Task data ->
++++++++++

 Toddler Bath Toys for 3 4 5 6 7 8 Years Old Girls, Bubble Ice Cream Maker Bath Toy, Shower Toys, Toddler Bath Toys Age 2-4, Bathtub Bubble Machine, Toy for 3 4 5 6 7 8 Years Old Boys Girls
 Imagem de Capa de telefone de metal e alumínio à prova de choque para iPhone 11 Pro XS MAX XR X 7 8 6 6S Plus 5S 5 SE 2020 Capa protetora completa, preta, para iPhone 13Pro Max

++++++++++

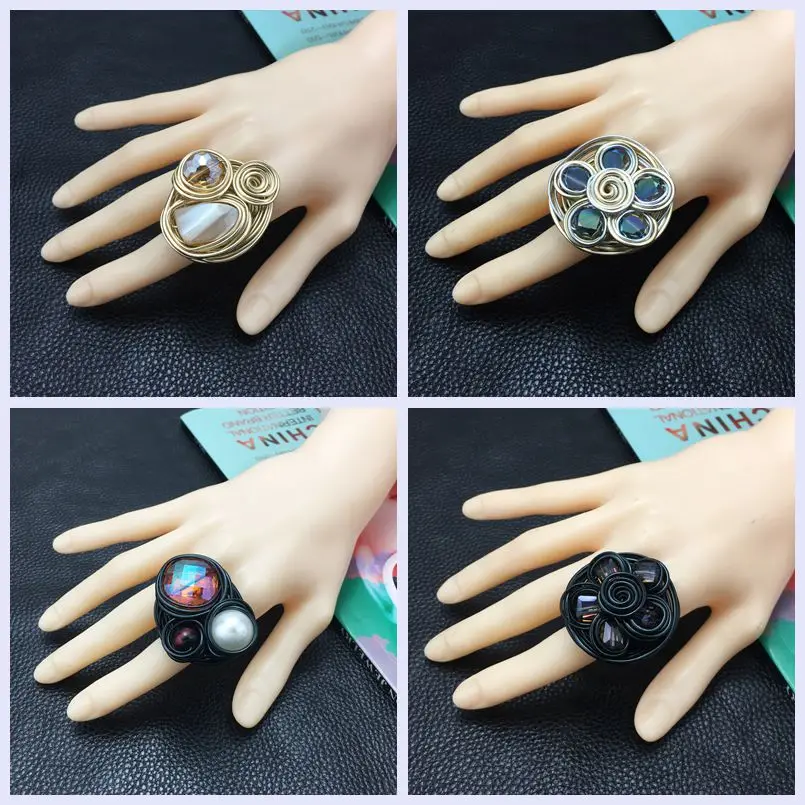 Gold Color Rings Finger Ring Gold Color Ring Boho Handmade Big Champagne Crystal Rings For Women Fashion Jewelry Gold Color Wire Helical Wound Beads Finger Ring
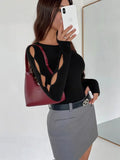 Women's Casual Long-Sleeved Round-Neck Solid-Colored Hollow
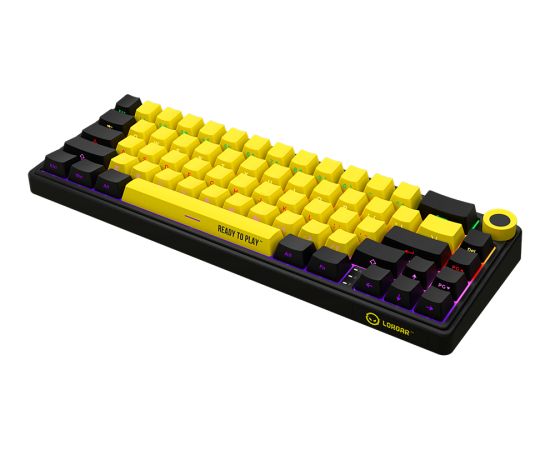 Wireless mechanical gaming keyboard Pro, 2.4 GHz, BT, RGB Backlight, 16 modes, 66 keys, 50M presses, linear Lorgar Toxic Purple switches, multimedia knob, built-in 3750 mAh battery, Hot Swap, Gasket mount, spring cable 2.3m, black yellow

++++++++++

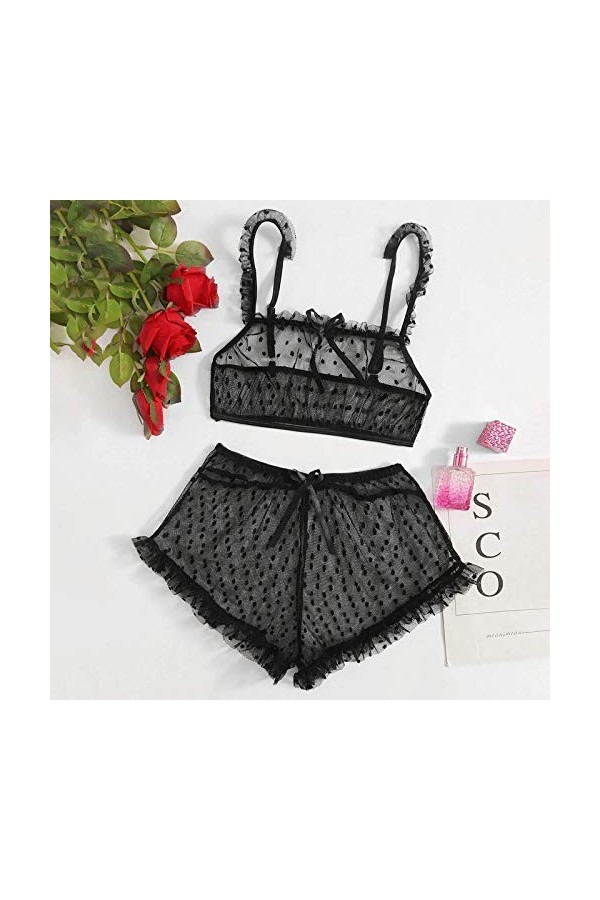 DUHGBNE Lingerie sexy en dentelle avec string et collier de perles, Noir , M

++++++++++

Copy the lines of the data above exactly as written, beginning with the line containing "Toddler Bath Toys for" and ending with the line containing "Imagem de Capa", and leave out all other lines.

Answer box ->
 Toddler Bath Toys for 3 4 5 6 7 8 Years Old Girls, Bubble Ice Cream Maker Bath Toy, Shower Toys, Toddler Bath Toys Age 2-4, Bathtub Bubble Machine, Toy for 3 4 5 6 7 8 Years Old Boys Girls
 Imagem de Capa de telefone de metal e alumínio à prova de choque para iPhone 11 Pro XS MAX XR X 7 8 6 6S Plus 5S 5 SE 2020 Capa protetora completa, preta, para iPhone 13Pro Max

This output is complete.